Coyote's has been bringing in quite a diverse bunch of players, and continues to do so this month (see second to last paragraph). But on February 10, good ole, hardcore, beer-drinking, tear-jerking country comes to Coyote's in Velma, Oklahoma's favorite Regular Joe, Joe Diffie. Diffie's a new guy who's made a huge splash in modern country with a traditional sound. A mere $15 will get you in.

The Louisville Orchestra's MasterWorks and Cumberland Coffee Concerts this month feature guest conductor Raymond Harvey and pianist Awadagin Pratt. Pratt will be the featured soloist for Beethoven's Piano Concerto No. 1 in C major, Op. 15. Also on the bill is Handel's Royal Fireworks Music and Shostakovich's Symphony No. 9. Times and locations vary and tickets range from $6 to $23, so call 584-7777 to sort out the "whats" and "whens."

The Homefront show on February 13 features Turley Richards with Tricia Walker and the Mudcats. It's a pairing of two veterans, which pretty much guarantees a quality show, right? Homefront's place of residence is now the 1st Unitarian Church, 4th & York. Be there at 7:30 p.m. for the live radio taping.

The folks down at Coyote's, which incidentally is part of the Hurricane O'Malleys/Rock-It Club complex at First and Liberty, continue to mix up their musical offerings with an appearance by the Platters on February 14. The Platters had their first hit in 1955, when "Only You (And You Alone)" hit Number Five on the charts on October 1. Check out their other hits: "The Great Pretender," "(You've Got) The Magic Touch," "I'm Sorry," "Twilight Time" and "Smoke Gets in Your Eyes." Not bad, huh? For $15, you can hear a set that will probably include all of those classics.

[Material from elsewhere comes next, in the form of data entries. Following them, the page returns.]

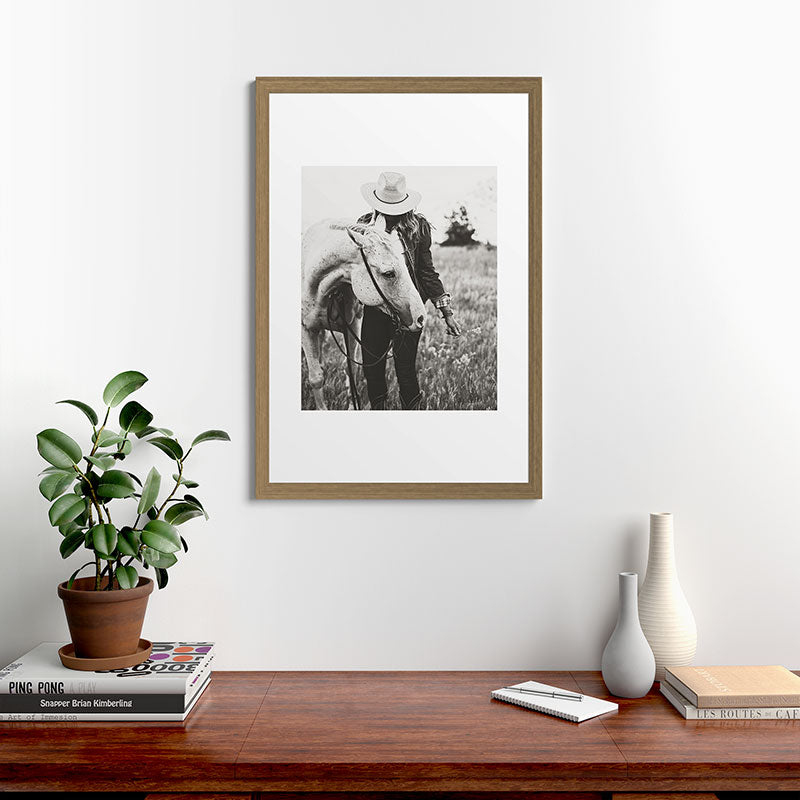 A Cowgirl & Her Horse - Black & White Photo Framed Art Print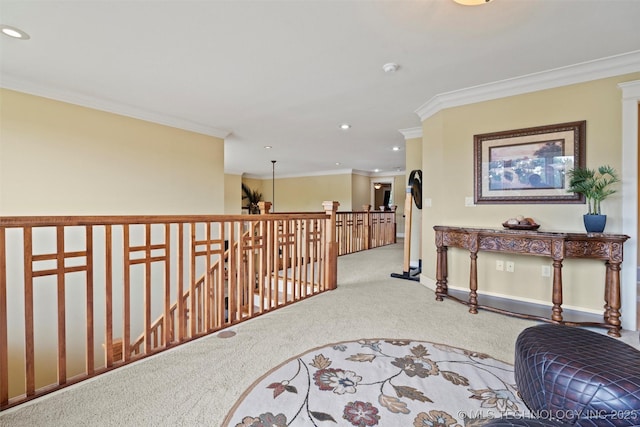 hall with carpet floors and ornamental molding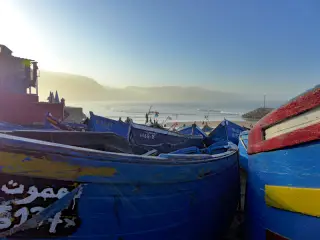 Mehrere blaue Fischerboote stehen dicht nebeneinander in der Bucht von Imsouane bei Sonnenaufgang mit Bergen im Hintergrund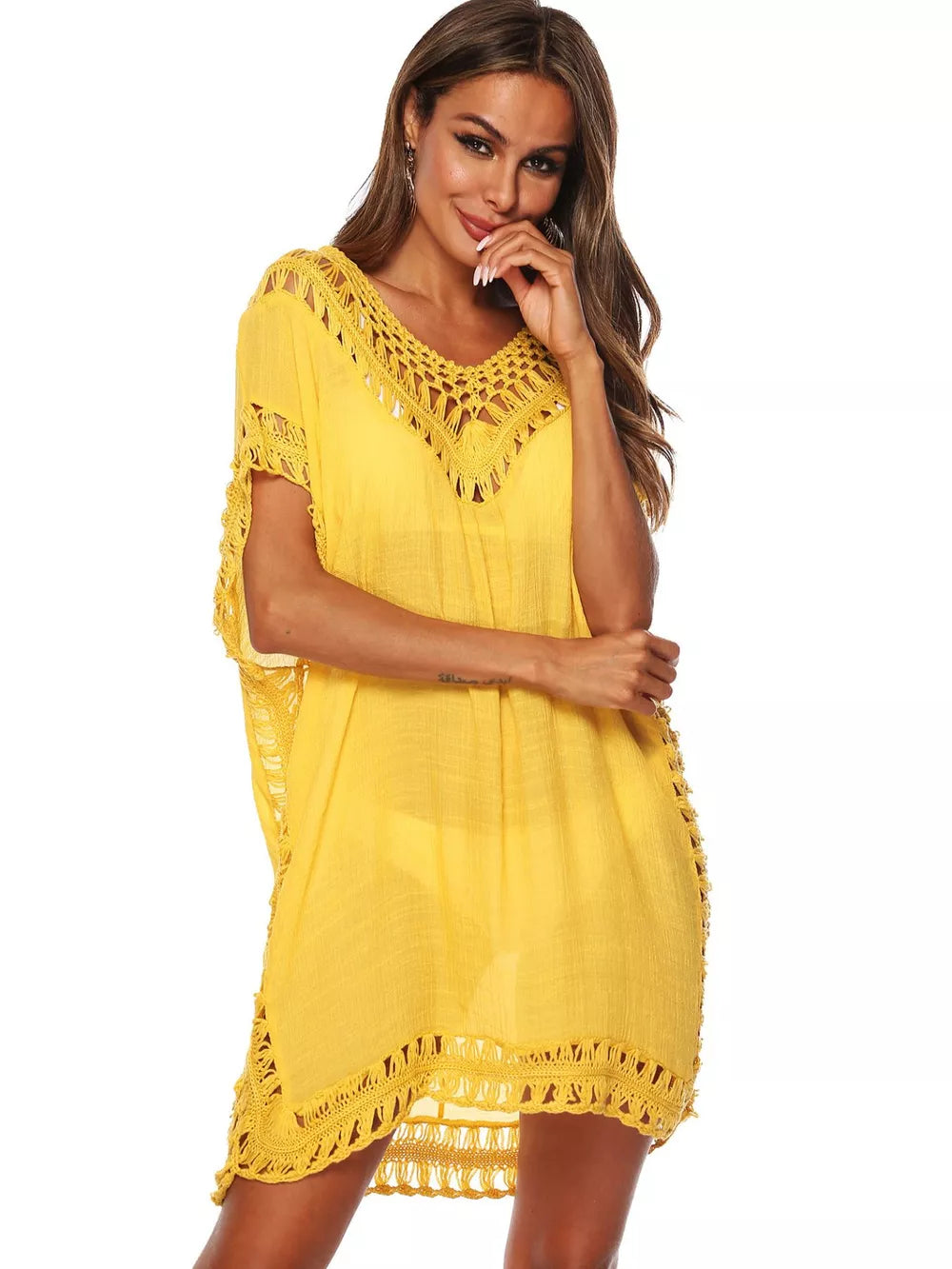 Yellow crochet V-neck cover-up dress with fringe hem and cutout details.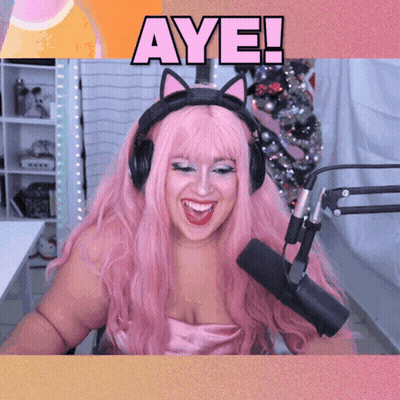 Woman With Pink Hair Wearing Headphones And Microphone Says Aye GIF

Something interesting on a Tuesday: No Name, a Seattle rock band with jazz leanings, is playing a show at Butchertown Pub on February 16. Native rockers Slopok are on the bill as well.

If you're tiring of all the country newcomers and are hungering for some classic crooning, mark your calendar on the 18th. That's when Mickey Gilley comes to Jim Porter's Good Time Emporium for 2 shows, one at 7:30 p.m. and one at 10 p.m. Gilley, a proven hitmaker and a renowned barkeep, sang songs such as "Room Full of Roses," "I Overlooked an Orchid," and "Don't the Girls Get Prettier at Closing Time." It'll cost you $19 per show.

Butchertown Pub continues its Original Rock Tuesdays with Southern Culture on the Skids, a North Carolina band that bakes its rock in lard. Pull on a napkin and dive right in. They've pleased lots of satisfied customers. The show is on February 23, and the bar is on Story Avenue.

AAAAAaaahh! Widespread Panic is coming to town February 24 for a night of improvised jams, fanciful lyrics and blues-jazz leanings. The six Athens boys are signed to the resurrected Capricorn label, and they certainly follow the legacy. Tempus Fugit, with their hypnotic R&B style, would be the ideal opening act...well I be danged! They are opening the show at Phoenix Hill.

Word has it that Webb Wilder has tamed his attack in an attempt to broaden his appeal. Find out what the Last of the Full-grown Men is up to when he plays Jim Porter's on February 25.

The Lila Wallace-Reader's Digest National Jazz Network is bringing in another great show in February: the great Max Roach and the Uptown String Quartet. Roach was a member of the 1940s bebop group that reshaped jazz, the one with Charlie Parker on sax and Dizzy Gillespie on trumpet. His drumming style has been widely imitated, and his continuing innovation has pushed jazz further still. Roach appears as part of the Kentucky Center for the Arts' Jazz Series. Tickets to the February 27 show, which will be at the Macauley Theatre, are $8.50 and $10.

Coyote's has come up with an interesting combination for its February 28 show: banjo whiz Bela Fleck and the Flecktones and Al Dimeola. Fleck, formerly of New Grass Revival, is one of the most remarkable musicians playing today. His work with the Flecktones blends funk, folk, jazz and classical into an indescribable style that is heavy on the chops.

Dimeola is no stranger to chops. Considered by some to be the most technically proficient jazz guitarist alive today, Dimeola is an attraction by himself. If you ain't well by the end of this show, please consult your physician.